An essential text for the understanding of the Israeli-Palestinian conflict, Israel's Occupation and the dimming prospects for peace and resolution.
This is probably the most comprehensive work I have read on Palestine. If you want to understand the history and mechanisms through which Palestinian land has been broken up, hemmed in, regulated, and stolen, this is the best work of which I am aware. Like many works, this book provides a comprehensive history of Israeli acquisition of Palestinian lands. But it is unique amongst my readings in this field in that it uncovers the administrative means through which Palestinian lands have been progressively... there is really no other word for it than... stolen.

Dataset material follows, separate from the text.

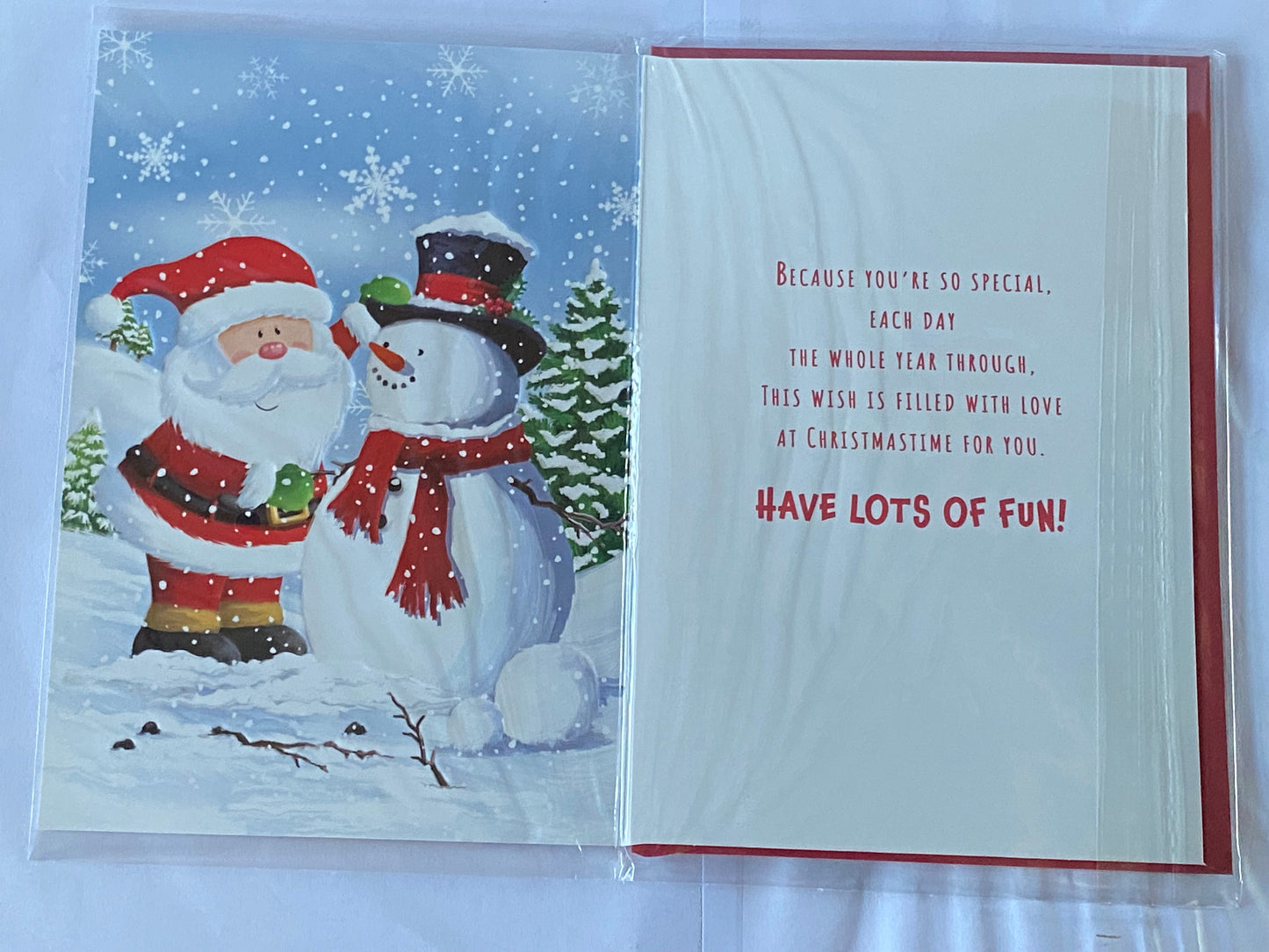 Happy Christmas Daughter Christmas Card Cute Santa/Snowman(PH47001B)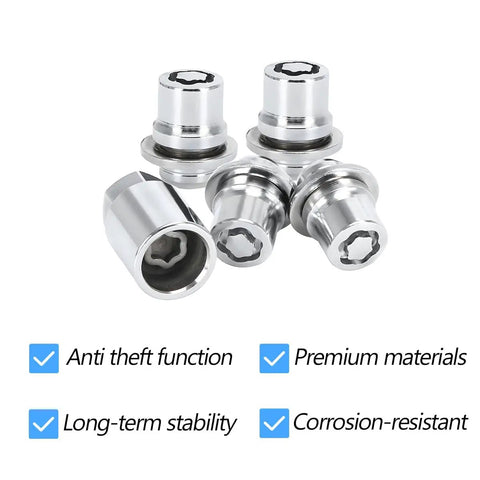 Anti-Theft Wheel Lock Lug Nut Set M12 x 1.5 Chrome Cone Seat 4-Piece With 1 Key showing features of stability and corrosion resistance.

This book does a far better job of making sense of the plight of the Palestinians than other excellent works, like those of Noam Chomsky, Rashid Khalidi, Edward Said, Jimmy Carter, and Saree Makdisi. Chomsky probably does a better job of making the moral case against the actions of Israel than anyone else. Rashid Khalidi presents a scholarly case for the endurance of Palestinain identity. Edward Said fluently speaks of the inner experience of Palestinians and the mechanisms of cultural oppression. Jimmy Carter provides a holistic picture of the plight of the Palestinians and a comprehensive view of a roadmap for peace. And Saree Makdisi does a better job of explaining how conditions in the West Bank shape Palestinian lives. But Cook provides a more comprehensive view of how Israel has exploited the Palestinians, how it has effected their prospects for forging a state, and what we might expect of future Israeli administrations.
However, this is a work of journalism, from an award winning journalist from what I understand, but journalism nonetheless. The sources are typical of journalistic works, mostly Hebrew sources, and often governmental, but less filtered than what you might get from an academic.... This means that it is harder to cite Cook with confidence. It appears to me that in uncovering multiple deceptive practices of multiple different Israeli governments, Cook has become a little too quick to assign motives. This is understandable. And of course, this is what a good reporter should get at, who is doing what and for what reasons. While no one would question the validity of such reporting on, say, Rwanda, there are many who demand more of scholarship on Israel. While I would recommend this to someone new to the issue, who is at least a little sympathetic to the Palestinian cause, I would not give it to an Israel-hawk, even though I am tempted by its comprehensiveness and conciseness.
One more thing: Cook has been accused by another reviewer of being an anti-Semite. Please be assured there is nothing in the book to warrant, or even provoke, such an accusation. Supporters of Israel will often throw around very strong language like this when they imagine an individual to be a threat to Israel. Whether or not they believe what they are saying, I am uncertain. What is certain is that if it were an intentional smear tactic it would be very successful. Supporters of Israeli oppression have managed to sideline many credible and respectable politicians and academics. However, the practice of branding opponents with inflammatory smears should itself should delegitimize its practitioners. They did the same thing with Jimmy Carter, when he wrote of Israeli abuses of Palestinians. This in spite of the fact that probably more than any other individual outside of Israel, Carter has been responsible for assuring Israeli security.